In our last post, we looked at the dangerous lectins. Another very sinister defense mechanism in plants are oxalates (oxalic acid). The definition of oxalic acid is “a poisonous strong acid (COOH) that occurs in various plants as oxalates and is used especially as a bleaching or cleaning agent and as a chemical intermediate”.
Oxalic acid is actually lethal in high doses. There have been a few recorded deaths of oxalate poisoning after overconsuming oxalate-rich ‘foods’. While these were in children and metabolically sick adults, there are also recorded incidents where farmers were talked into giving their sheep kale as a cheap fodder alternative, just to end up having most of their herd die of acute poisoning.
When looking at oxalates, they are sharp edgy crystals that can pierce a predator’s mouth, thereby playing a role in plant defense. Even worse, when consumed, oxalates bind with several minerals and especially with calcium. These sharp calcium crystals will travel in our bloodstream, making small tears in our blood-vessels and contributing to cardiovascular disease. Some of these calcium-bound oxalate crystals will accumulate in our joints and soft tissues where they will cause inflammation and calcification – contributing to arthritis and fibromyalgia symptoms (muscle pains, chronic fatigue, brain fog, hormone imbalance, insomnia and headaches). These deposits will build up over time. They can also accumulate in the eyes, causing cataract and blurred vision.

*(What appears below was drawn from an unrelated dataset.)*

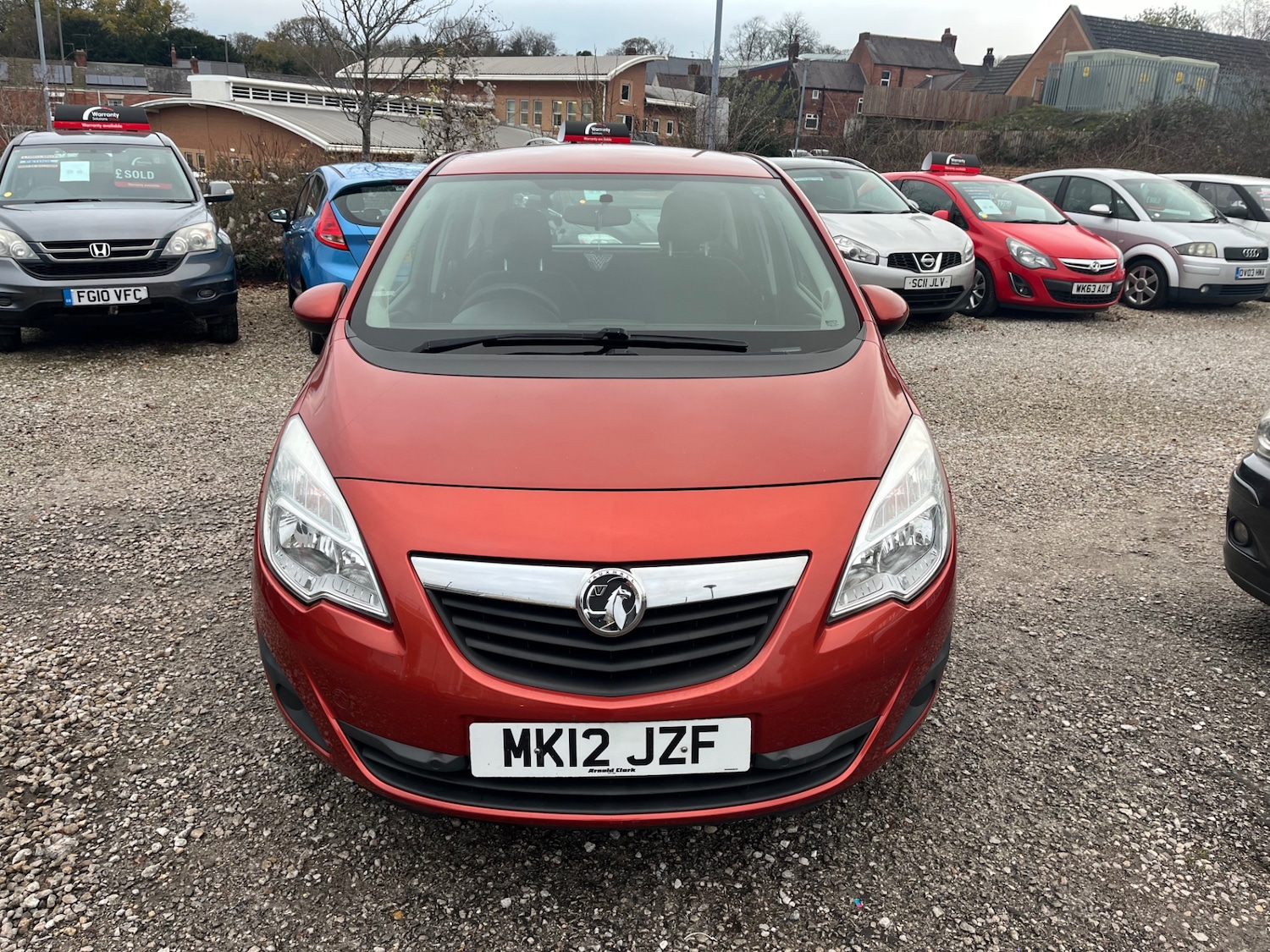 Used Vauxhall Meriva 2012 for sale - 76767484: Photo 2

With all this in mind, oxalates are most well-known for forming kidney stones. More than 80% of all kidney stones are from calcium oxalates.
Oxalate crystals cause renal- and bladder damage; they are neurotoxic; your body will try to detox them, they will upset the GI tract, deplete glutathione, and corrode connective tissue (via interference with hyaluronic acid). Oxalates also cause a condition in women called vulvodynia, which results in painful sex because of oxalic acid crystals in the labia.
Oxalates also bind to iron, potassium, sodium, and magnesium (in the same fashion as phytic acid) – rendering them useless to our body if consumed at the same time as oxalates.
The presence of oxalates will also make plant protein (especially in legumes) of poor quality and much less bioavailable (absorbable), as seen in several studies done on absorbability of plant amino acids. So, no. Beans are not a source of protein, just the opposite.
Many people think spinach and kale are good sources of calcium and other important minerals. But this is a big misconception. The calcium in these plants is completely useless. It’s all tied up in oxalate. And this is true for all high-oxalate foods.
This problem is prevalent in most plants (vegetables, legumes, fruits, nuts, seeds, and etcetera). Within a lab-setting, we can measure the mineral and vitamin content in plants, but that doesn’t mean it’s available as a bioavailable nutrient to our body. There is a big difference in the nutrition measured in any plant ‘food’ and the nutrition that the body can actually absorb, convert and use.
Absorption of oxalate differs among people. For some, the majority of oxalate is broken down in the gut by probiotic gut bacteria and eliminated without causing too much harm. This however, does not make you immune to its dangers – it simply means that you can tolerate it longer before your body degrades and gets really ill. In others, most of the consumed oxalate is absorbed and their health can go downhill pretty fast – especially in someone with a compromised digestive system, such as “leaky gut” syndrome.
Oxalates are abundant in a lot of plant foods, especially in the seeds. They occur in over 200 plant families, and in some plants they comprise over 80% of the dry weight(!) The highest concentrations are found in leafy greens/cruciferous vegetables such as kale, spinach, cauliflower, and broccoli. Other high-oxalate sources include soy, fruits, nuts (especially cashews and almonds), seeds, berries, beans, beets, celery, potatoes, okra, eggplant, leeks, rhubarb, tofu, black tea, coffee, cocoa, beer and anything in the buckwheat family (especially sorrel).
In other words, doing green smoothie “cleanses” may actually be the most harmful thing you can do to your body, most likely to lead you to needing an oxalate cleanse instead.
In fact, you should NEVER do a ‘cleanse’ using anything from plant foods. You do not cleanse or detoxify by adding toxins and poison to your body. That kind of thinking is retarded. If you want to ‘cleanse’ or ‘detoxify’ you do a simple water fast.
And no, don’t even bother with rinsing, soaking, sprouting, and cooking in order to try to eliminate oxalates, other antinutrients and toxins. Yes, a small percentage will be removed, but so will any of the tiny amounts of nutrients that actually might exist in the plant – leaving you with a totally useless sludge of fiber and some toxins.